▶ [SUPPLIED DATA]

■ ■ ■ ■ ■ ■ ■

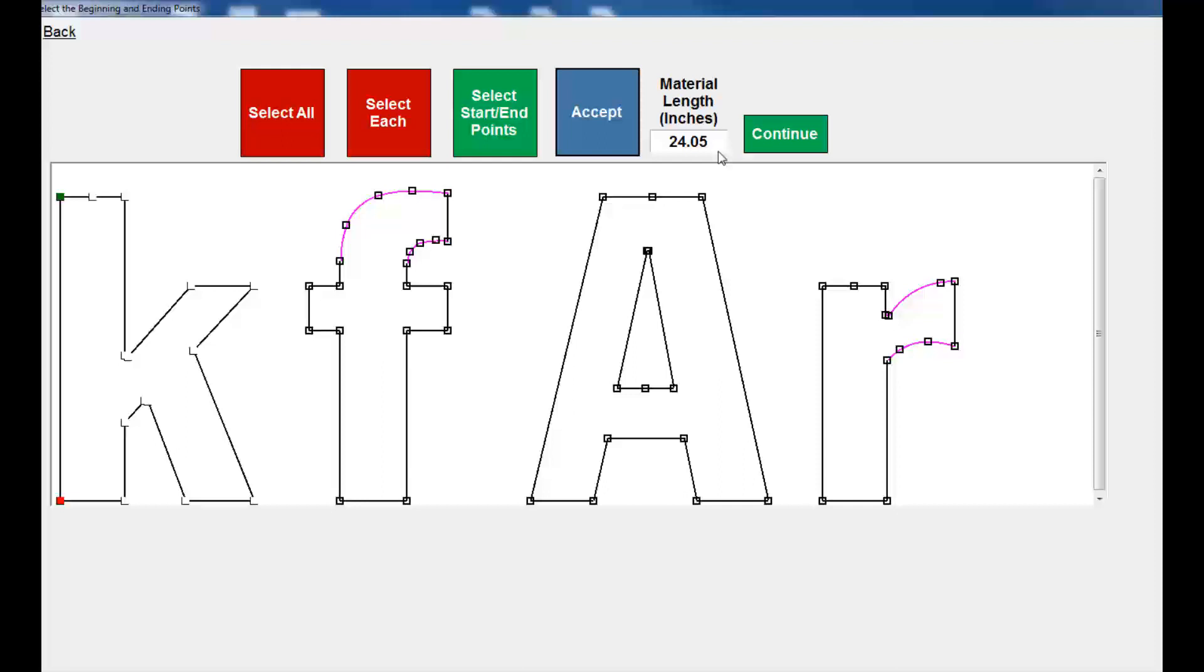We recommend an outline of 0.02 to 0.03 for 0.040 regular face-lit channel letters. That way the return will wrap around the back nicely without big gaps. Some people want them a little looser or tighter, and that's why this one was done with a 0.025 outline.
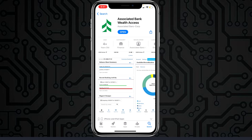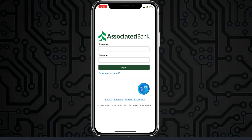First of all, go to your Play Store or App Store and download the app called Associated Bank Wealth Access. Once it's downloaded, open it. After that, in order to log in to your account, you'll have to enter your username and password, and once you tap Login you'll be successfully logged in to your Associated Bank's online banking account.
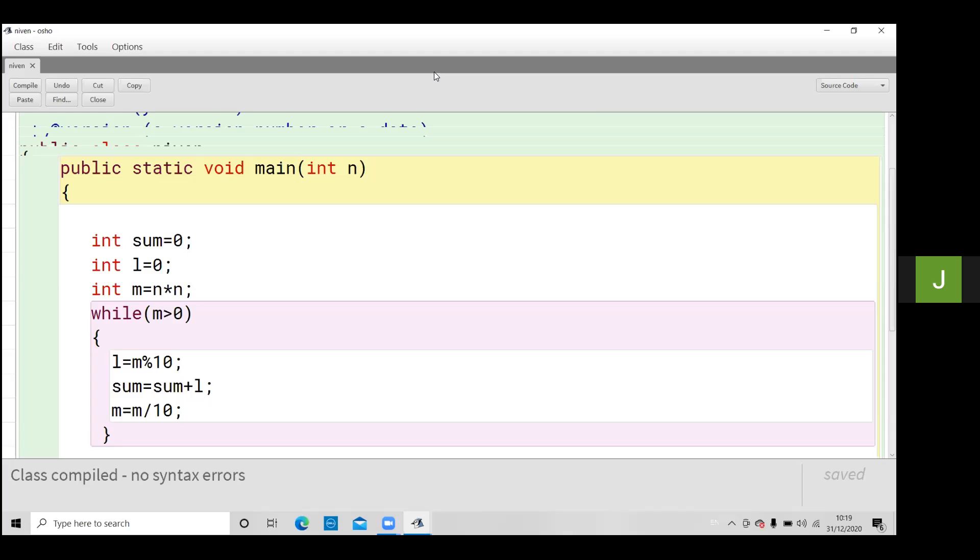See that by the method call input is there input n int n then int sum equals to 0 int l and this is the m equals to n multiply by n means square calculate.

■ ■ ■ ■ ■ ■ ■

▶ [ACTIVITY]
Here the job is to print all the data exactly, skipping any image.

▶ [EXERCISE OUTPUT]
We recommend an outline of 0.02 to 0.03 for 0.040 regular face-lit channel letters. That way the return will wrap around the back nicely without big gaps. Some people want them a little looser or tighter, and that's why this one was done with a 0.025 outline.
First of all, go to your Play Store or App Store and download the app called Associated Bank Wealth Access. Once it's downloaded, open it. After that, in order to log in to your account, you'll have to enter your username and password, and once you tap Login you'll be successfully logged in to your Associated Bank's online banking account.
See that by the method call input is there input n int n then int sum equals to 0 int l and this is the m equals to n multiply by n means square calculate.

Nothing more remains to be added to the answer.